▼

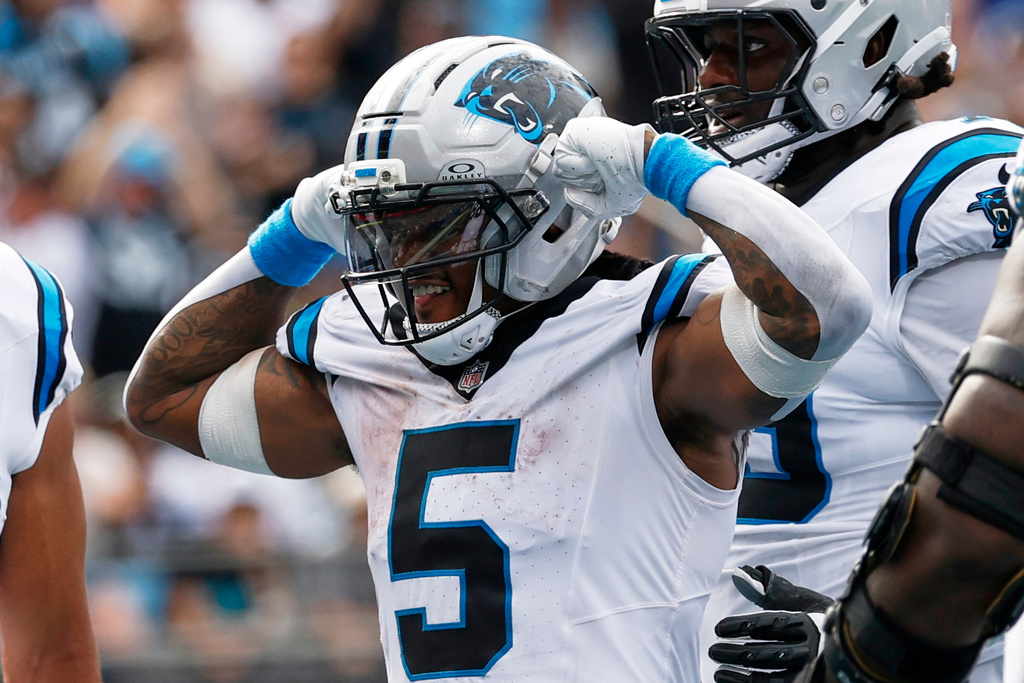 Carolina Panthers running back Rico Dowdle celebrates after scoring against the Miami Dolphins during the second half of an NFL football game, Sunday, Oct. 5, 2025, in Charlotte, N.C. (AP Photo/Jacob Kupferman)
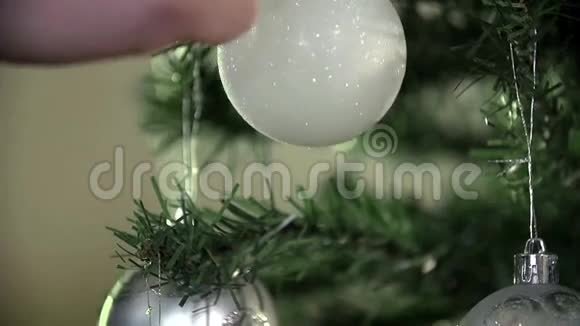 白色装饰物缓缓地挂在圣诞树上视频的预览图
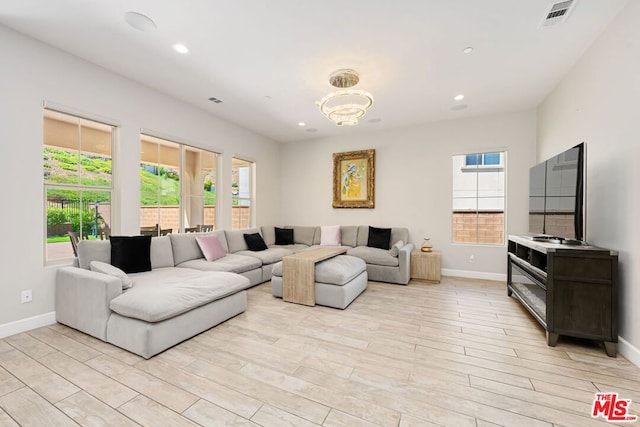 living room with light hardwood / wood-style floors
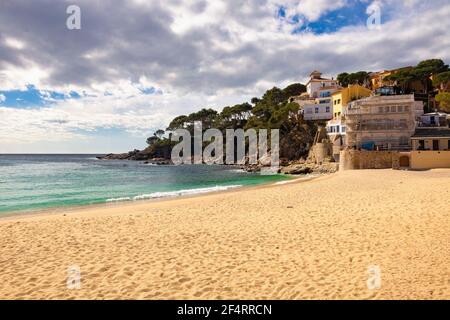 Vista della costa sud della spiaggia di Llafranc in una giornata di primavera, quando il sole vi invita già a riposarvi sulla sua sabbia. Palafrugell, Catalogna, Spagna Foto Stock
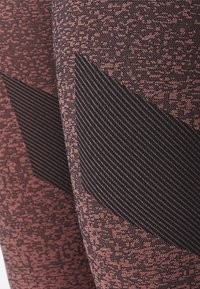 Leggings atléticos con un patrón en rosa y negro. Presentan una tela texturizada con rayas negras diagonales sobre un fondo pixelado.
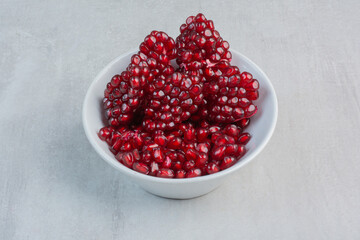 Red pomegranate seeds in white bowl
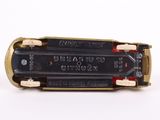 a close up of a small toy train on a white surface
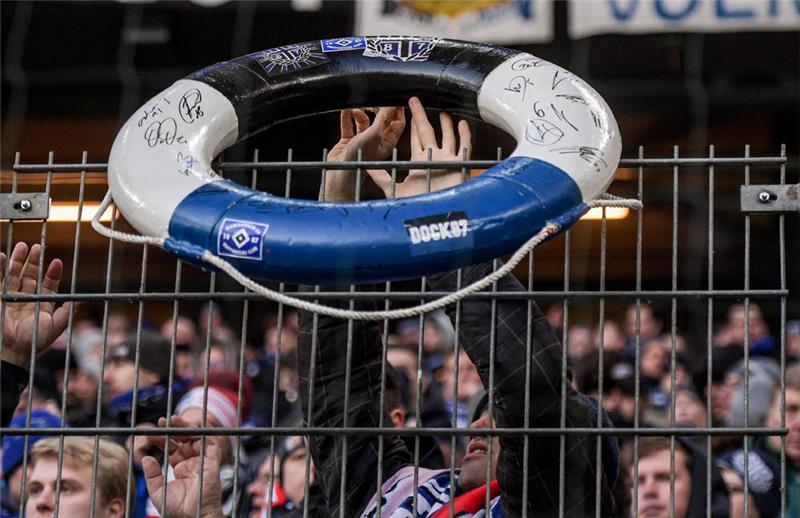 HSV-Fans halten einen Rettungsring in den Vereinsfarben über den Zaun. Foto: Axel Heimken/dpa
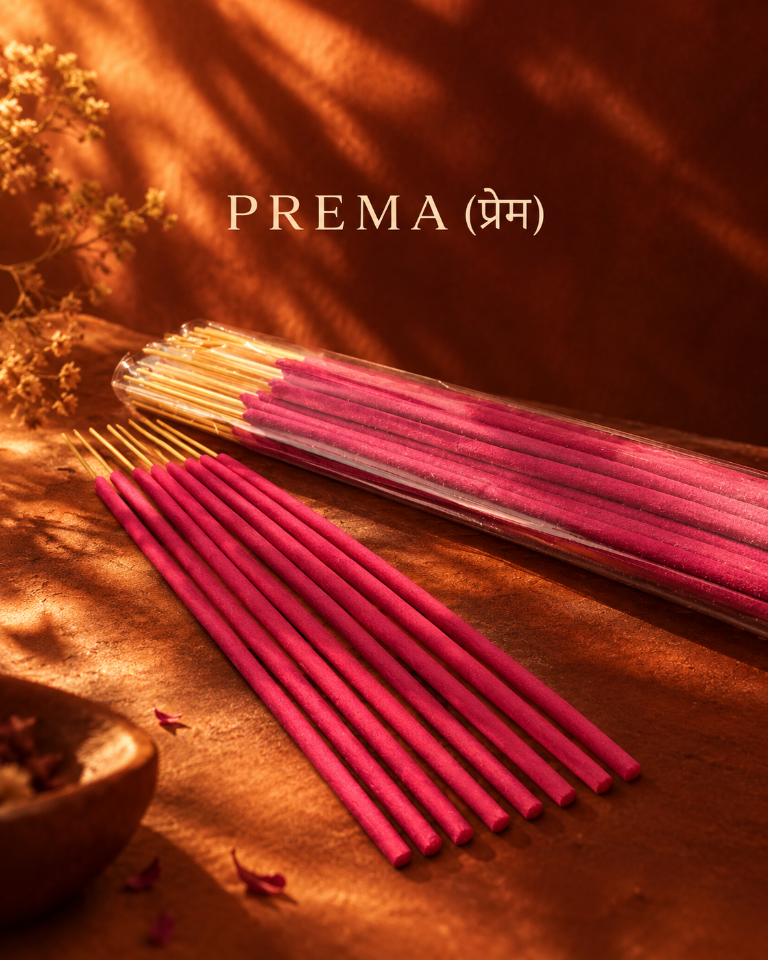 Prema Rose Incense Sticks by Ruhani in warm golden light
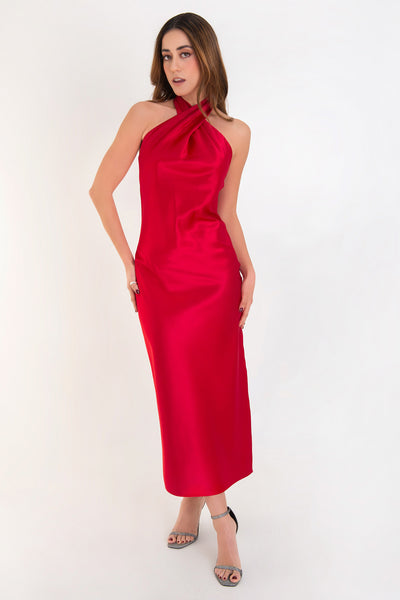 Maxi vestido satinado de fit recto, cuello halter cruzado con lazo amarrable posterior, escote en espalda y cierre posterior con cremallera oculta. Detalle de abertura lateral en bajo.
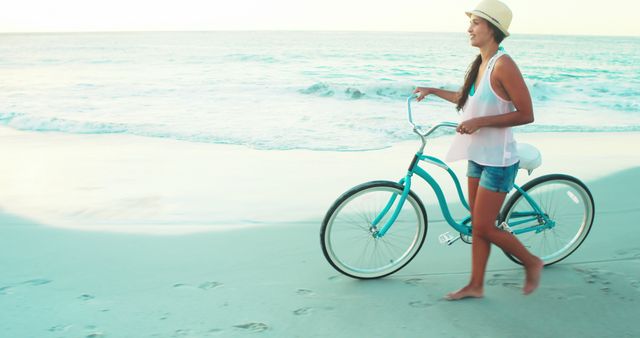 Happy beautiful woman walking on the beach with a bicycle 4k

▲

* Activity
Print every entry exactly as written, without the pictures.

* Finished exercise
 Carolina Panthers running back Rico Dowdle celebrates after scoring against the Miami Dolphins during the second half of an NFL football game, Sunday, Oct. 5, 2025, in Charlotte, N.C. (AP Photo/Jacob Kupferman)
 白色装饰物缓缓地挂在圣诞树上视频的预览图
 living room with light hardwood / wood-style floors
 Vista della costa sud della spiaggia di Llafranc in una giornata di primavera, quando il sole vi invita già a riposarvi sulla sua sabbia. Palafrugell, Catalogna, Spagna Foto Stock
 Leggings atléticos con un patrón en rosa y negro. Presentan una tela texturizada con rayas negras diagonales sobre un fondo pixelado.
 Red pomegranate seeds in white bowl
 a close up of a small toy train on a white surface
 HSV-Fans halten einen Rettungsring in den Vereinsfarben über den Zaun. Foto: Axel Heimken/dpa
 Prema Rose Incense Sticks by Ruhani in warm golden light
 Maxi vestido satinado de fit recto, cuello halter cruzado con lazo amarrable posterior, escote en espalda y cierre posterior con cremallera oculta. Detalle de abertura lateral en bajo.
 Happy beautiful woman walking on the beach with a bicycle 4k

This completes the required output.